• Activity: Give back, exactly and with nothing else, the lines running from the one that contains "Super Lube Silicone" to the end of the entries below; do not include pictures.

• Dataset items:
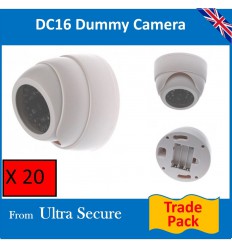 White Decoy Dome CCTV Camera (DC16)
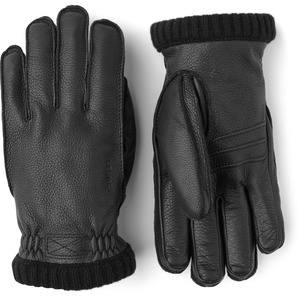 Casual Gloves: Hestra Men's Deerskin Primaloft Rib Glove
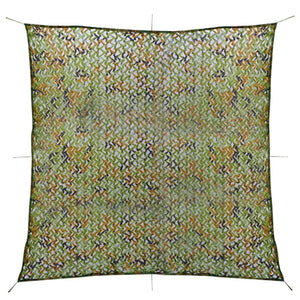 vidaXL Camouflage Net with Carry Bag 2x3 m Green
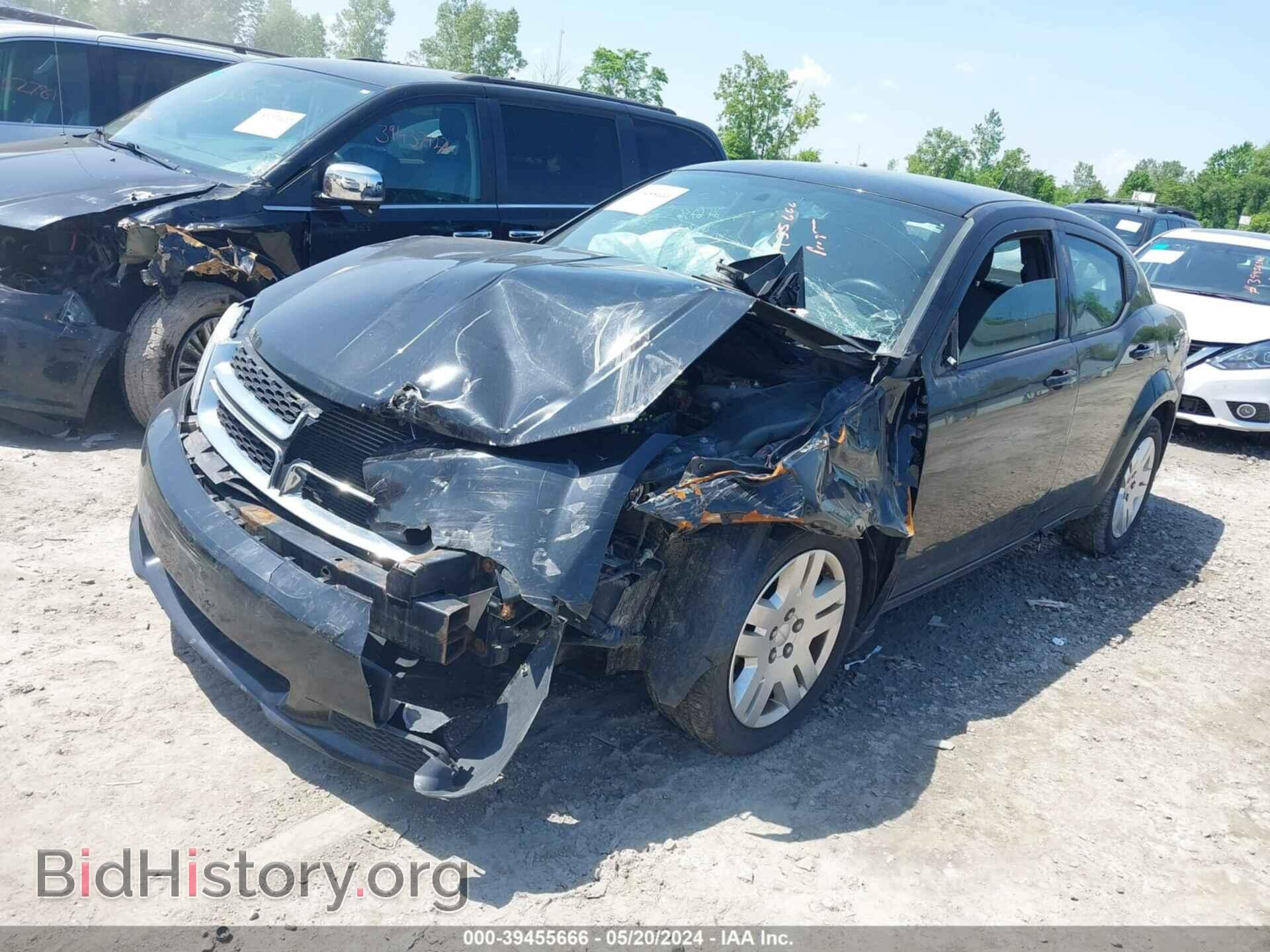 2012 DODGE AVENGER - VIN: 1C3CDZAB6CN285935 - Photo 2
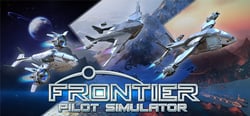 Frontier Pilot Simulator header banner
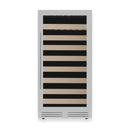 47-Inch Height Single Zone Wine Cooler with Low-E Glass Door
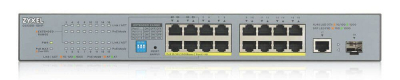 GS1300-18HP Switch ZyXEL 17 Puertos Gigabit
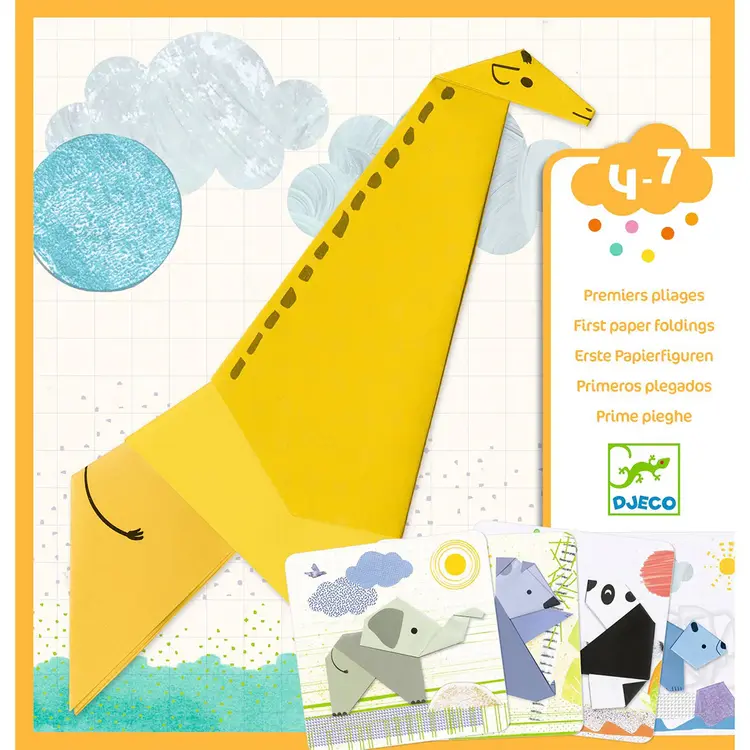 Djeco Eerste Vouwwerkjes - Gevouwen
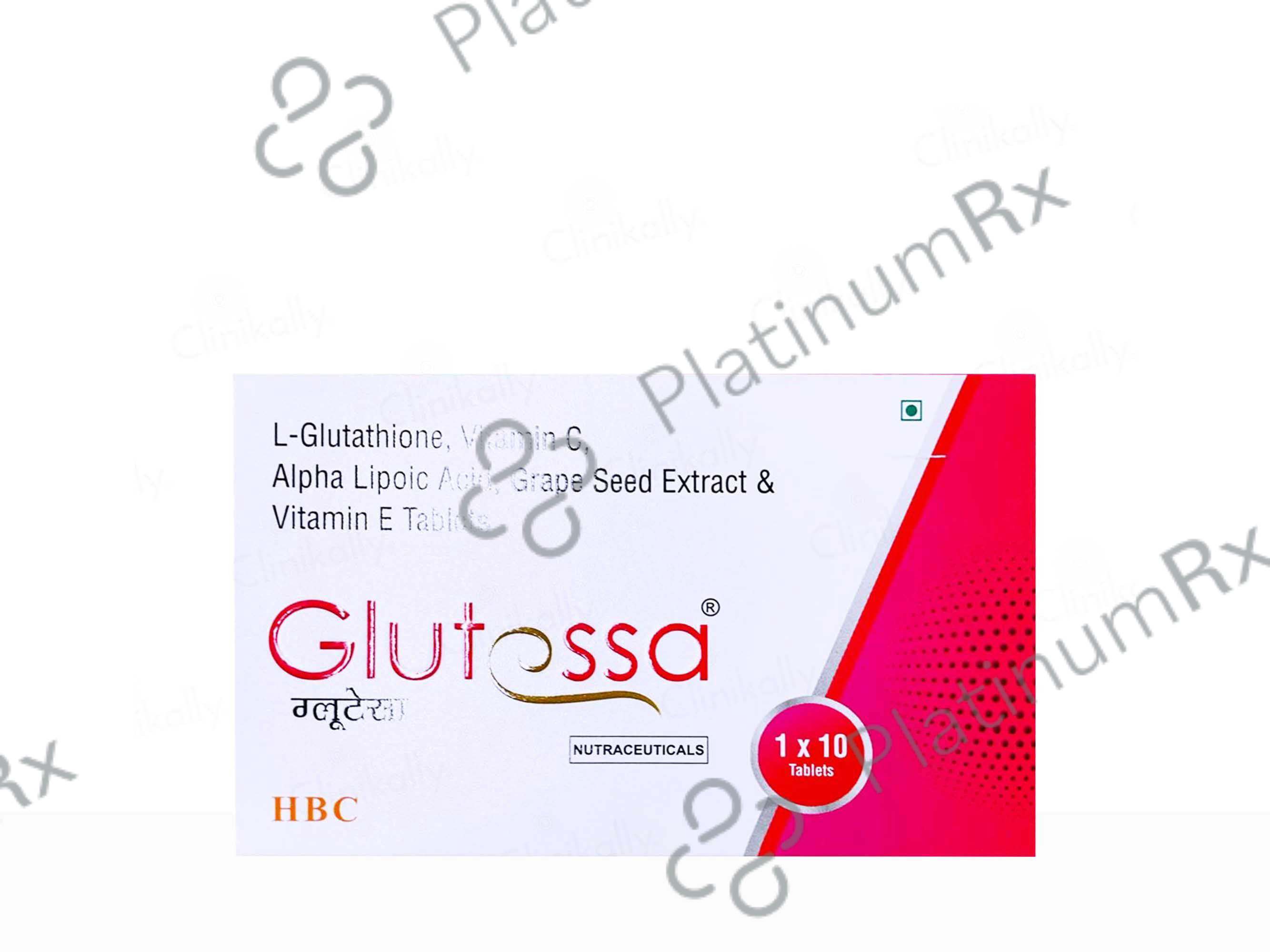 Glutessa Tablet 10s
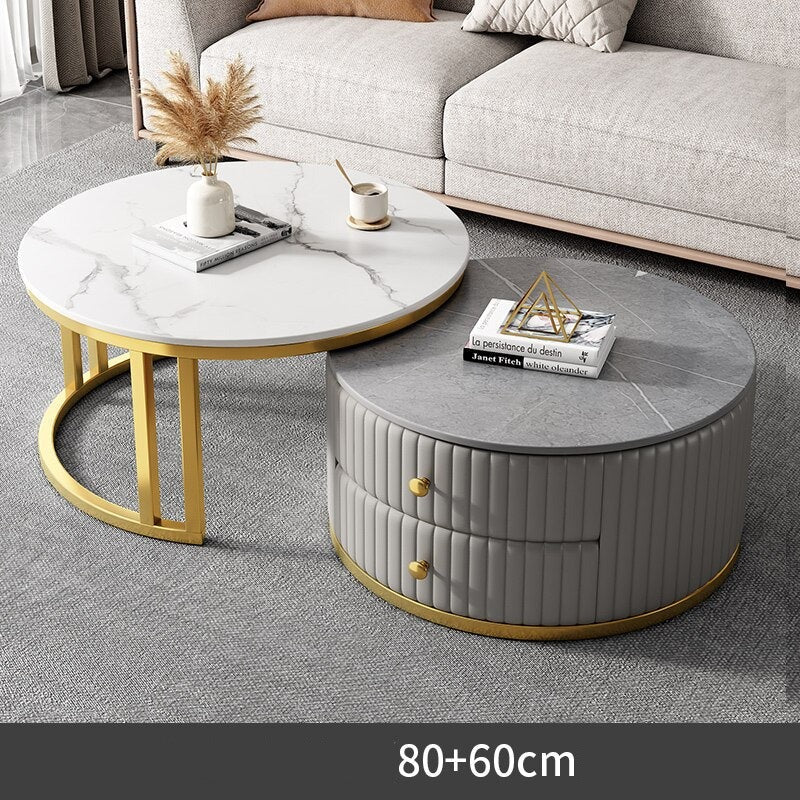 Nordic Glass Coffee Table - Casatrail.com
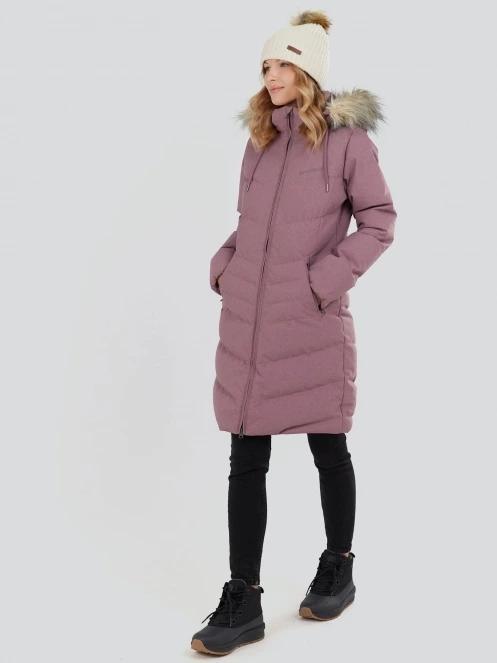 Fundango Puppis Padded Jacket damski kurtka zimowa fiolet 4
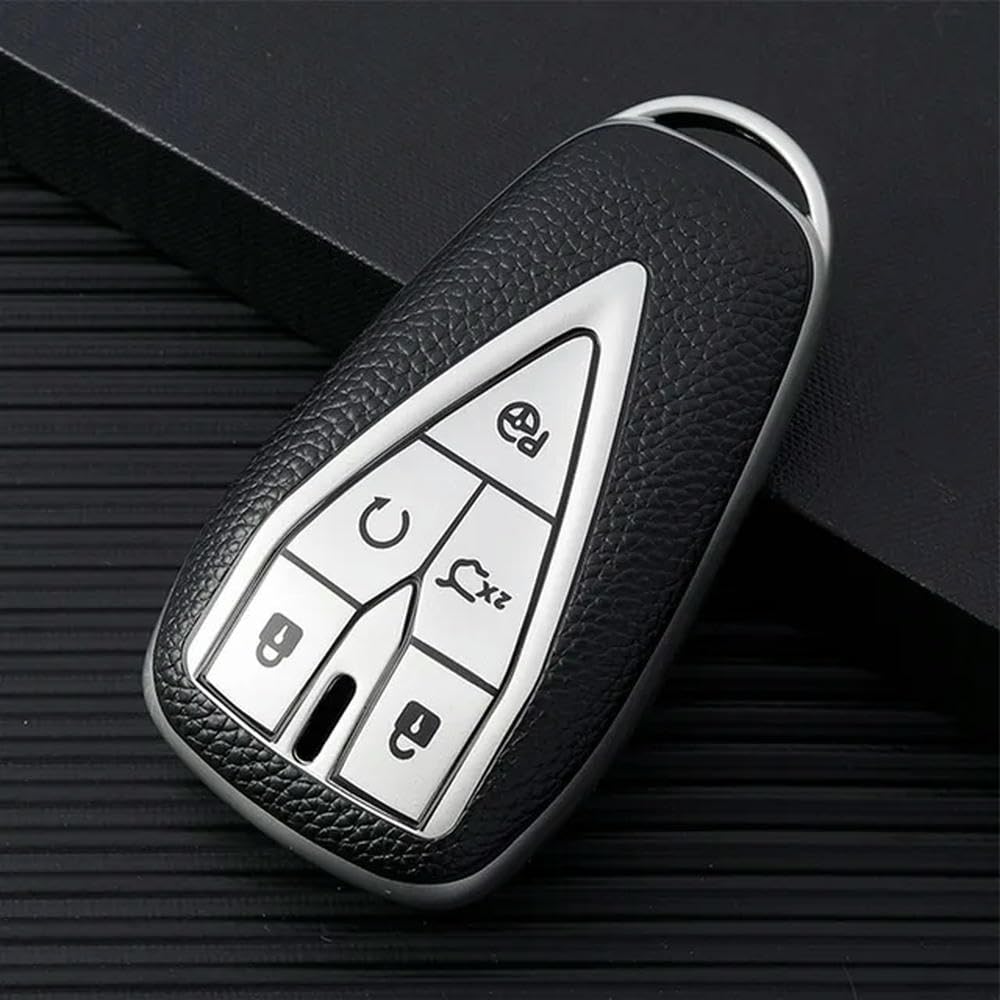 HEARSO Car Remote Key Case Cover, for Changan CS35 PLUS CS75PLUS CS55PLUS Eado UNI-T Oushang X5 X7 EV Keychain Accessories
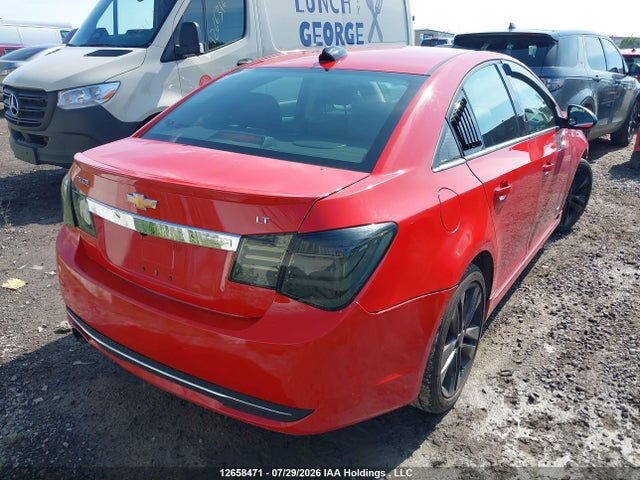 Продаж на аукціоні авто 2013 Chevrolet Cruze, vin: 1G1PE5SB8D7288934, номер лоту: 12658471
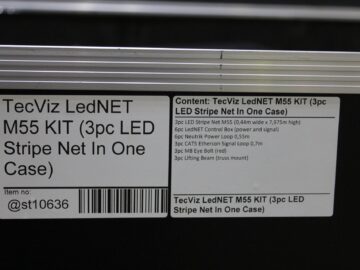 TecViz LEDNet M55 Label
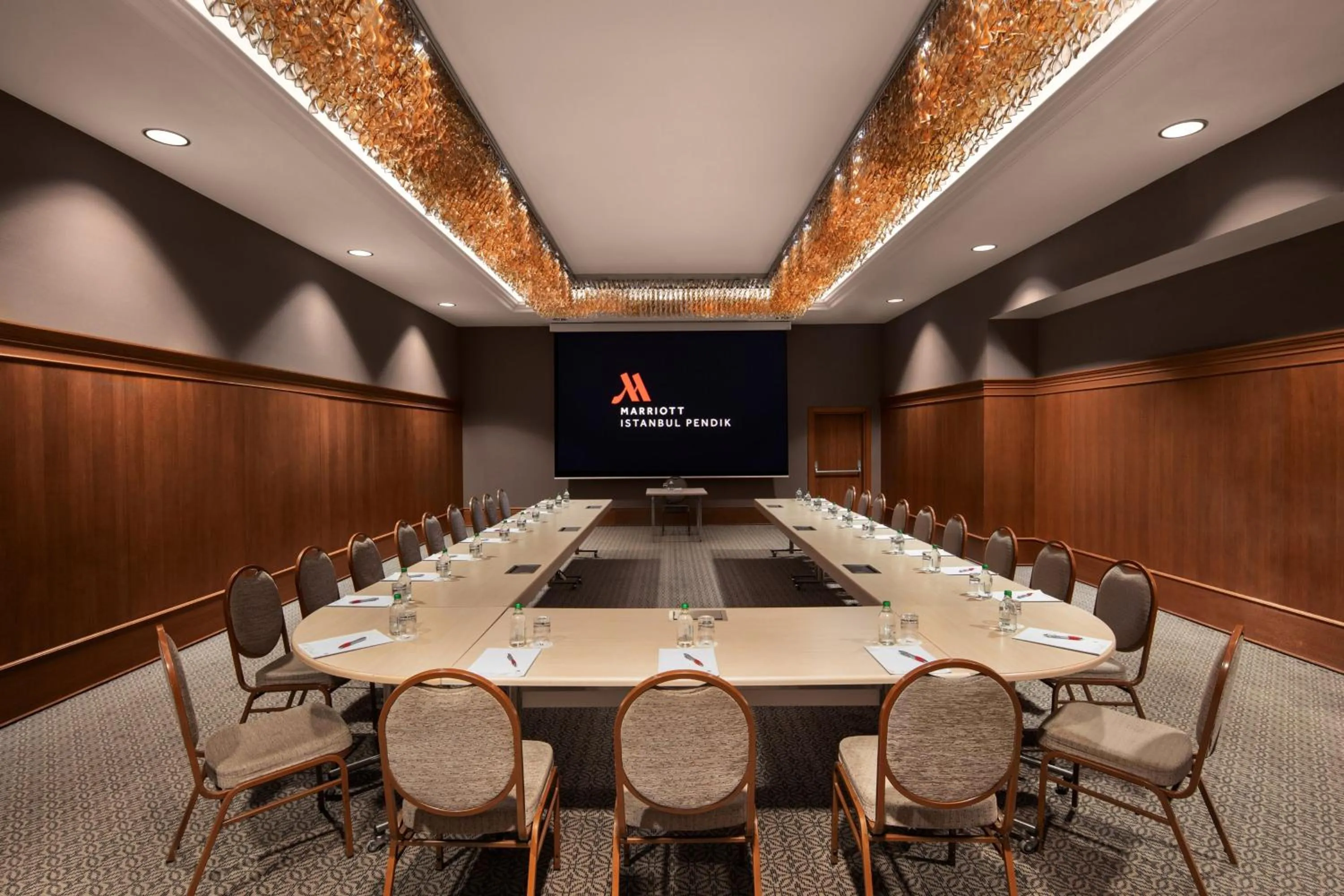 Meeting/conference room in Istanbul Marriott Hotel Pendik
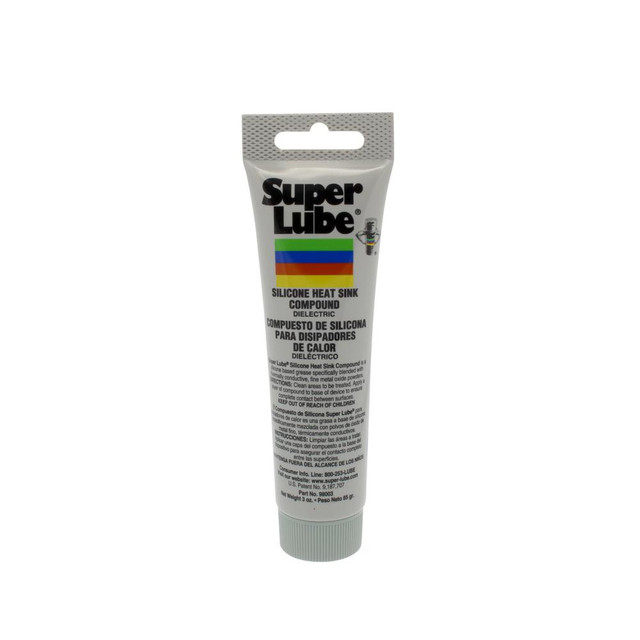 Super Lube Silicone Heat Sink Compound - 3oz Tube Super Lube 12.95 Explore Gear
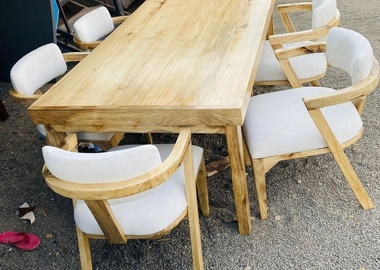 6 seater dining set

• Answer to this task:
 Super Lube Silicone Heat Sink Compound - 3oz Tube Super Lube 12.95 Explore Gear
 6 seater dining set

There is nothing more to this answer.